著:Bill Lubanovic、監修:斎藤 康毅、翻訳:長尾 高弘
Python3の本です。結論から書くなら、ぶ厚くてお値段も少々お高いですが、それだけのことはあります。基本的に触りながら学んでいく感じが重視されていて、まったくの初心者向けとはいえませんが、他のコンピューター言語を学んだことがあるひとなら、実践的な手順で基本からマスターできます。
網羅性が広いことも特徴だといえます。後半はリレーショナルデータベースやNoSQLとの処理、並列処理、IPython、pdb、わずかですがCythonやGit、付録にはPyアート、ビジネスや科学におけるPyのパッケージ(math, NumPy, Scipy)の紹介などが掲載されています。ただし、それぞれはあまり詳しいものではなく、こういうものがあって、ここから入手して、このような使い方をする、というような感じです。

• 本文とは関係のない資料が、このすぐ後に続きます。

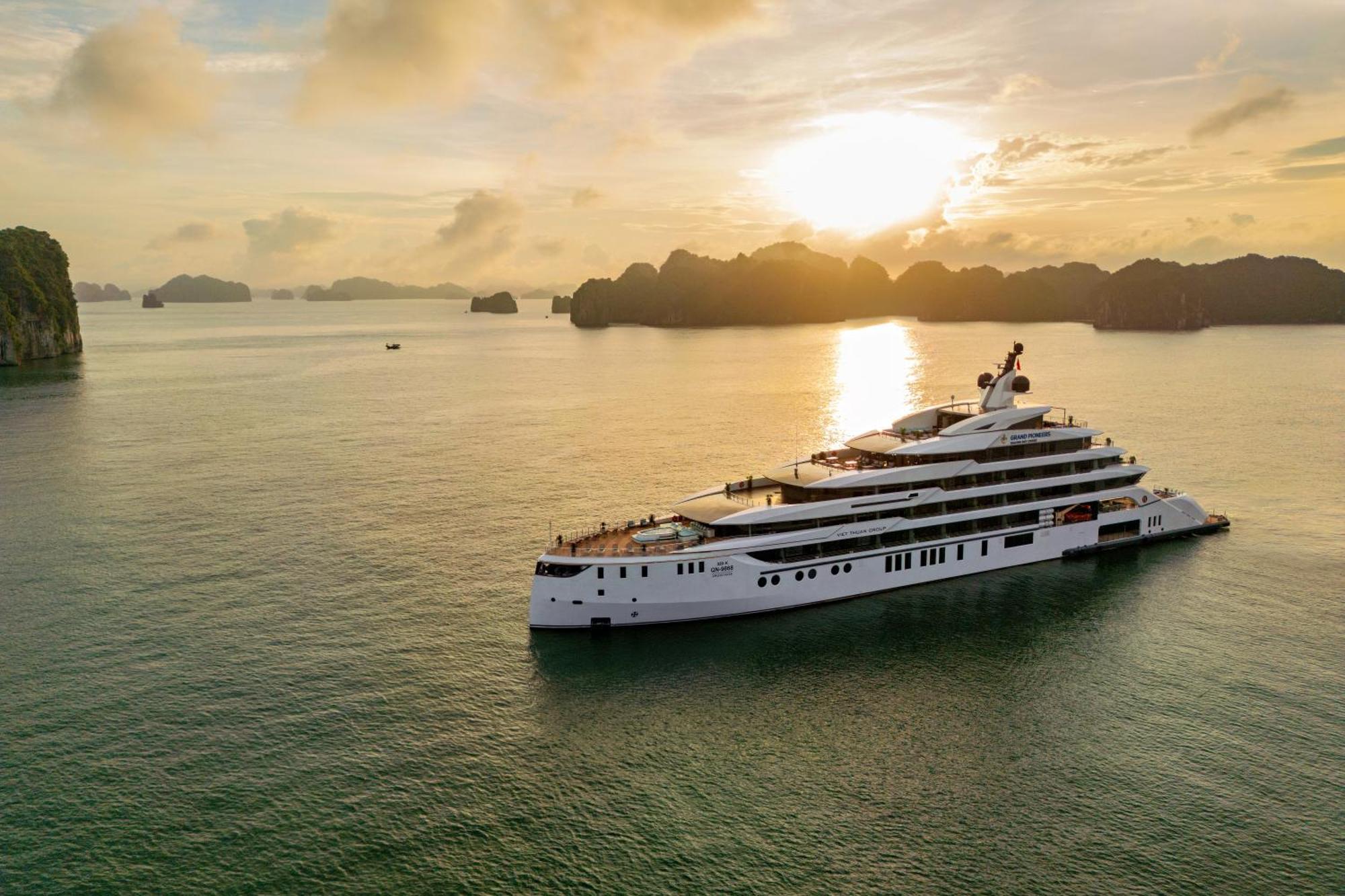 Halong Bay Cruises Botel 5*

Python3の文字列はUnicode文字列であってバイト列ではなく、この点がPython2からPython3への移行において最も大きな変更になるとのことで、Unicodeの扱いについてもページが割かれています。
タイトルには「入門」とありますが、かなり分量があることもあり、この本はプログラミング自体の経験が浅い人には厳しいと思います。むしろ、本当の入門レベルのものを読んだ後に、Pythonの広がりをより体系的に理解する用途としておススメの本だといえます。